Lawyer Thomas Gallagher ( see related story) suggests that civil law be changed to empower the laity in the noncanonical functions of parish management. He might be onto something, though church leaders are loathe to invite legislators to help solve what the church sees as an internal problem, assuming a problem is even acknowledged.

Meanwhile, secrecy is the watchword.

John McCarthy, a former Price Waterhouse Coopers partner who now lectures on nonprofit issues at the Kennedy School of Government, told a 2004 meeting of the National Leadership Roundtable on Church Management of his efforts to modernize the Boston archdiocese’s financial reporting. “The archdiocese, under the old leadership, had followed practices that can be described as secretive.
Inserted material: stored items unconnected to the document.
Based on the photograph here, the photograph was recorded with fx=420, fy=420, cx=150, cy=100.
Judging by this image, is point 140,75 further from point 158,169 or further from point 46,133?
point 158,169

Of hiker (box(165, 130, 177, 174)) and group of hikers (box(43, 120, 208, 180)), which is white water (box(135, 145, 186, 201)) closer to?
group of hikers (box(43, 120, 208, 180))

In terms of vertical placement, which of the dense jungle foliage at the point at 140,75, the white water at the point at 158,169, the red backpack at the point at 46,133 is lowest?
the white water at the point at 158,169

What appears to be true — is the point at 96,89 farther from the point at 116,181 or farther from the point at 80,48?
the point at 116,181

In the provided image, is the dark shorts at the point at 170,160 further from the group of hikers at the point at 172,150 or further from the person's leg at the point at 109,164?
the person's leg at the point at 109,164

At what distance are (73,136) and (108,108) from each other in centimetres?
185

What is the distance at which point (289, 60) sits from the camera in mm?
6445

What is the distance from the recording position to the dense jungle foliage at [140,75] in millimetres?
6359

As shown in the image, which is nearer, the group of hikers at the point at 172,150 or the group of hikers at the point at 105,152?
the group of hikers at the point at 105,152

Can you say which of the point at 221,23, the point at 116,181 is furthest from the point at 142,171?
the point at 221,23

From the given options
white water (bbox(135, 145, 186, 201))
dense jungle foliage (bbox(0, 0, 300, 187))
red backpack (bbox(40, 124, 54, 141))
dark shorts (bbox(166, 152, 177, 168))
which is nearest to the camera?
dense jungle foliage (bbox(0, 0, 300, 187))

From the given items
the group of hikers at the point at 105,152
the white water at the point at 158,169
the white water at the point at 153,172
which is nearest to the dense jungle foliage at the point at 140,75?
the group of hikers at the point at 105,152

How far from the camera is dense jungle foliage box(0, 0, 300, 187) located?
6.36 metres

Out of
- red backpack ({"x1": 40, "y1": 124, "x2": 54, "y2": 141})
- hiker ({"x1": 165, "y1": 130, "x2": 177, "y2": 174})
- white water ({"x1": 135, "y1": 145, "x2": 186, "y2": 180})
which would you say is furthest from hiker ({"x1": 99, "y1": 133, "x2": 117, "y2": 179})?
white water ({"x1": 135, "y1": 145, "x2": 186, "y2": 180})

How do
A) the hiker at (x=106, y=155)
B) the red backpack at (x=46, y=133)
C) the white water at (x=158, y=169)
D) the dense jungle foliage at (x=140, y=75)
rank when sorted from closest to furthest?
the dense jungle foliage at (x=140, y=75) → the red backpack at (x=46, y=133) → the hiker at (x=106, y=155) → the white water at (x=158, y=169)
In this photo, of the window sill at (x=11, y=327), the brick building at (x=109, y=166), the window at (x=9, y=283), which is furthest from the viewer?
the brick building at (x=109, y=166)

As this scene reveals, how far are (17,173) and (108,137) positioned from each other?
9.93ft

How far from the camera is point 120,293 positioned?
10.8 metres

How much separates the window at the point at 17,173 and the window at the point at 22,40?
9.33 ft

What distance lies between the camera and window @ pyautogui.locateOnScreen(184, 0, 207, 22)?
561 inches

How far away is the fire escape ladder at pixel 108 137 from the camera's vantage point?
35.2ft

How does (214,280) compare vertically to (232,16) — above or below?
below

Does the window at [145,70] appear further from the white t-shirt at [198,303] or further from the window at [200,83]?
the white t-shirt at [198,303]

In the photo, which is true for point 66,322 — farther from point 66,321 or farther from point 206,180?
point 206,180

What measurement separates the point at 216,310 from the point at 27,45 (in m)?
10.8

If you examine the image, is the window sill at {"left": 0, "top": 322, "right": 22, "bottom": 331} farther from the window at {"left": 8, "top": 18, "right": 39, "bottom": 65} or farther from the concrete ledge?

That’s not an uncommon word when you talk about church matters. There just wasn’t what I’d consider to be a full sharing of information; it was done on sort of a need-to-know basis.”

Thanks to the efforts of McCarthy and others, the Roundtable presented an award to the Boston archdiocese for the transparency of its financial reporting under Cardinal Sean O’Malley.

There was a time in the church when the faithful would not have dreamed of asking for an accounting. Such a request would have suggested mistrust of the leader of the community, the priest believed to be ontologically different from the rest, operating in the place of Christ and beyond rebuke. The reality, we have come to know in recent decades, is something far more pedestrian and human. We are all in this together, all subject to the same temptations and frailty.

Transparency is essential to the health of the community.

Absent public scandal, however, or a leader who demands transparency, it is left to a diocesan bishop or the parish pastor to decide who needs to know what. And that decision does not typically include the people who pay the bills.